About this exercise — Your task is to copy the lines from the line containing "Great Branding Winter" through the end of the listing below, both included, without any pictures.

----

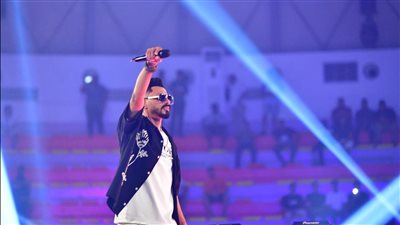 مروان موسى ونجوم الراب العرب يشعلون مهرجان صيف بنغازي بحفل استثنائي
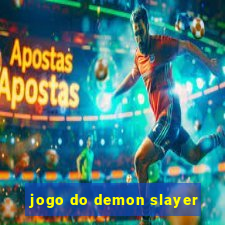 jogo do demon slayer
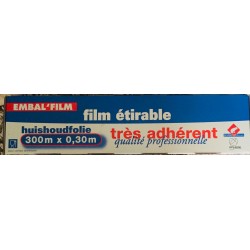 rouleau de film alimentaire
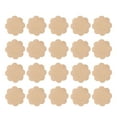 thumbnail image 2 of Nipple Pasties, High Comfort Ultra Thin 20pcs Disposable Nipple Stickers  For Woman, 2 of 8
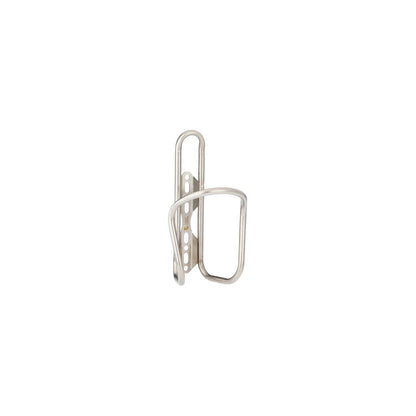 Wolf Tooth Titanium Morse Bottle Cage Titanium One Size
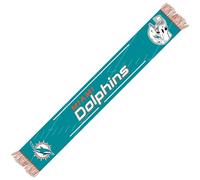 Great Branding Winter Fan Écharpe - NFL Miami Dolphins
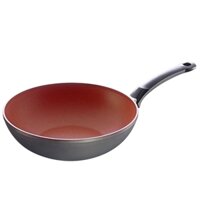 Chảo đáy sâu Fissler SensoRed 28cm (Hàng chính hãng)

----

Result of the exercise —
 Great Branding Winter Fan Écharpe - NFL Miami Dolphins
 Chảo đáy sâu Fissler SensoRed 28cm (Hàng chính hãng)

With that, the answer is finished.